Your task> Set down the data below word for word, and leave the images aside.

Material provided>
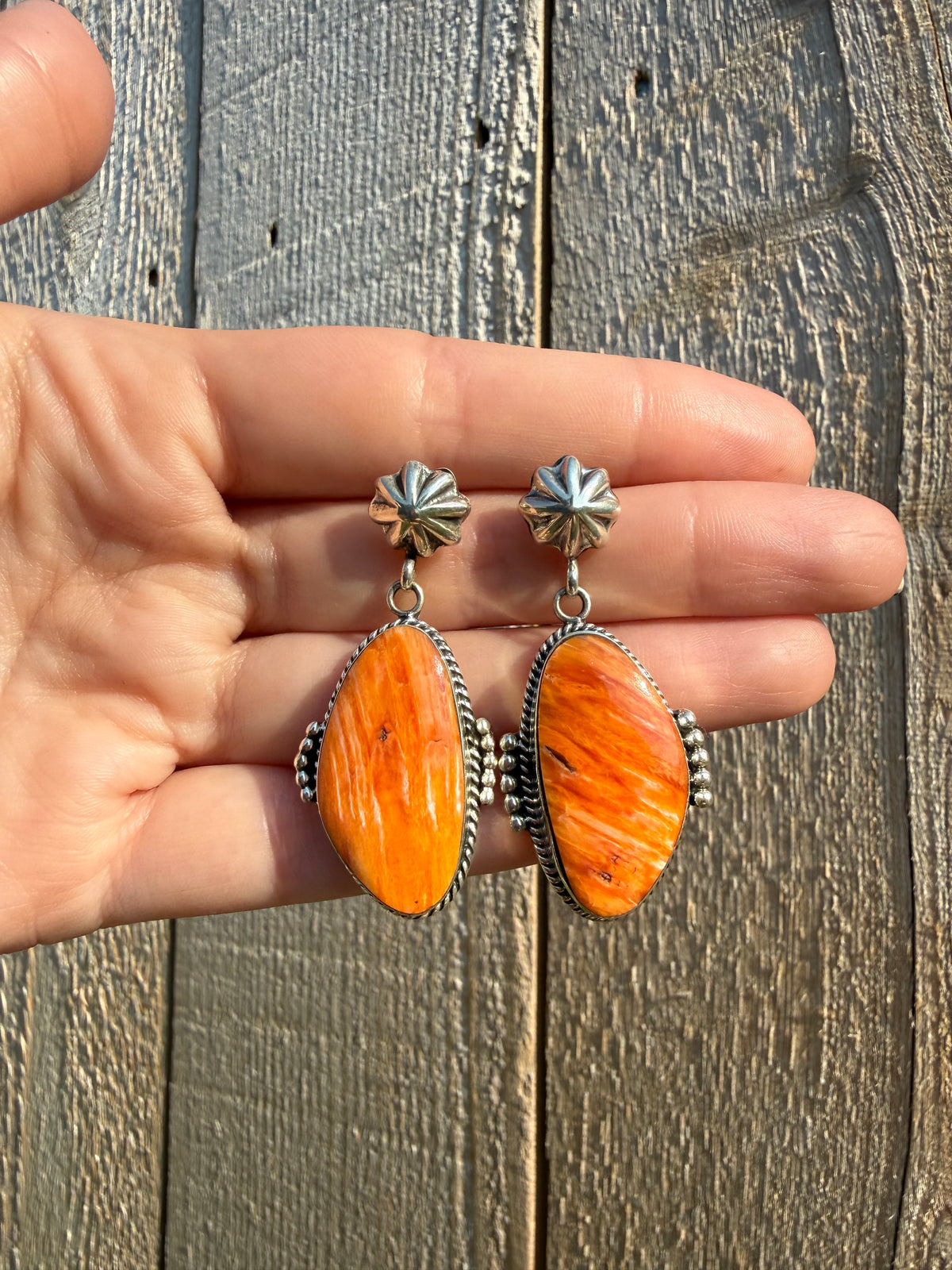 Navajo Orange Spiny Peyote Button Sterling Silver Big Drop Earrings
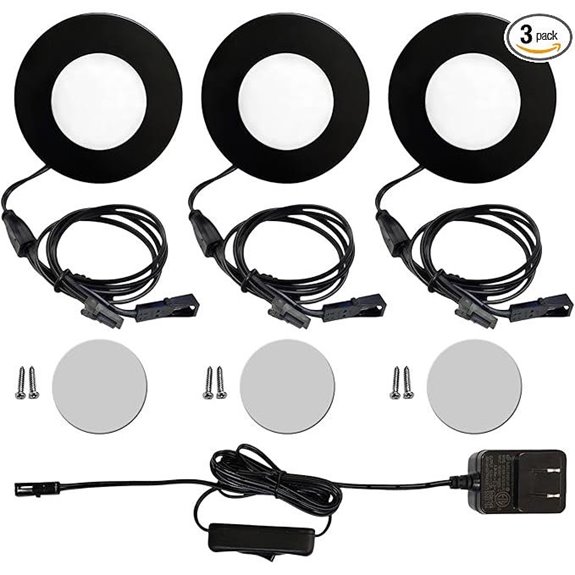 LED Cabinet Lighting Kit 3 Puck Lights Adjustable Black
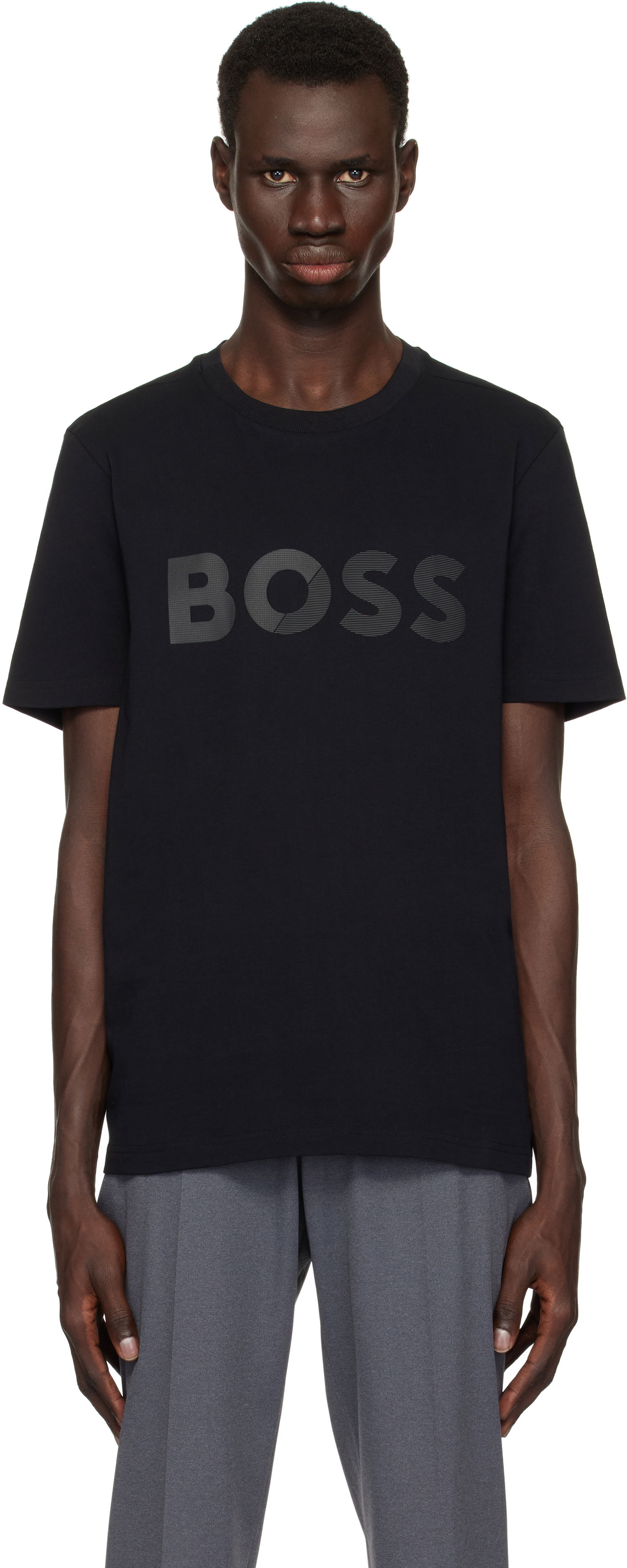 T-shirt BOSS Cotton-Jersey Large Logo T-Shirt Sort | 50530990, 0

Answer to this exercise>
 Navajo Orange Spiny Peyote Button Sterling Silver Big Drop Earrings
 LED Cabinet Lighting Kit 3 Puck Lights Adjustable Black
 T-shirt BOSS Cotton-Jersey Large Logo T-Shirt Sort | 50530990, 0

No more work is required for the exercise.